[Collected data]
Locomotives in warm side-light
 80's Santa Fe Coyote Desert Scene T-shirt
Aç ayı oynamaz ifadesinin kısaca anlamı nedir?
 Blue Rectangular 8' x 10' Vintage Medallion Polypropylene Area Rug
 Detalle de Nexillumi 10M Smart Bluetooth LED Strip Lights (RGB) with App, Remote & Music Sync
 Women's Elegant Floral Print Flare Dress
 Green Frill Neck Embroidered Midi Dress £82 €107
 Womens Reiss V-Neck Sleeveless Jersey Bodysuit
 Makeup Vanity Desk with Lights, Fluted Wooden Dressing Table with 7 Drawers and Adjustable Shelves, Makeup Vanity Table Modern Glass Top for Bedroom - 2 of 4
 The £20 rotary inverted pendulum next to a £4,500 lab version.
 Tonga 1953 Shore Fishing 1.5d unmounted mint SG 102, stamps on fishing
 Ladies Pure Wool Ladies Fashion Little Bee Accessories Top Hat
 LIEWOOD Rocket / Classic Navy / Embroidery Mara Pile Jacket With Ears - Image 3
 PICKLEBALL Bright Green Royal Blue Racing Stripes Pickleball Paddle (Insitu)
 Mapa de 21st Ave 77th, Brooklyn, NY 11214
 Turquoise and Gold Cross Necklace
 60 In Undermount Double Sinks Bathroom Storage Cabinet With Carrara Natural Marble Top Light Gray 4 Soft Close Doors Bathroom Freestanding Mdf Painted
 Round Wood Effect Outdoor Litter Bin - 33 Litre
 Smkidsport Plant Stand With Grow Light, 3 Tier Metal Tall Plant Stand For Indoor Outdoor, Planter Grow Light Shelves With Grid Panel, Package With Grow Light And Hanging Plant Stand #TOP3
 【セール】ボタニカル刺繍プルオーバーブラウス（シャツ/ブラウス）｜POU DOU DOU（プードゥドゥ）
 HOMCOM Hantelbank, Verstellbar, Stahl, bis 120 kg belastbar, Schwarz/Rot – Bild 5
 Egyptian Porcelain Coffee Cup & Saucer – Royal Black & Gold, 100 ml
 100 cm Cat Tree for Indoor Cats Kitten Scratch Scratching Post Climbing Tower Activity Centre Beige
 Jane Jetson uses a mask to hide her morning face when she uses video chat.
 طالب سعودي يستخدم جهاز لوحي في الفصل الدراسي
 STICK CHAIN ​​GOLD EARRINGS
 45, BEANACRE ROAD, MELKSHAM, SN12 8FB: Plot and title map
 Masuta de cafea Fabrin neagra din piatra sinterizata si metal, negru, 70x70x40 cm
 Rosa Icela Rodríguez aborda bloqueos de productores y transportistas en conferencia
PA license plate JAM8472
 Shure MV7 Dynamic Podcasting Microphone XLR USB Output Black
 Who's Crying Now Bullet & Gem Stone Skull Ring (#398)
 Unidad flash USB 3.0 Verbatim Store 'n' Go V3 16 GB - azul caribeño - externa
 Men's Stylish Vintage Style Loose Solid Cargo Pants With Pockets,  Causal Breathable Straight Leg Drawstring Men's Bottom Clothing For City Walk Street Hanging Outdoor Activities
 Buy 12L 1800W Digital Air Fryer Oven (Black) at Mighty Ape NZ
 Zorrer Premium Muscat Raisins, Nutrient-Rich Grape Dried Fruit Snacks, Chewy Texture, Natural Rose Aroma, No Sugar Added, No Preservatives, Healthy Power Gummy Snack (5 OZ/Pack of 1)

■ Directions: Check each line above for the string "Royal" and copy the ones that have it.

■ Reply to the exercise:
 PICKLEBALL Bright Green Royal Blue Racing Stripes Pickleball Paddle (Insitu)
 Egyptian Porcelain Coffee Cup & Saucer – Royal Black & Gold, 100 ml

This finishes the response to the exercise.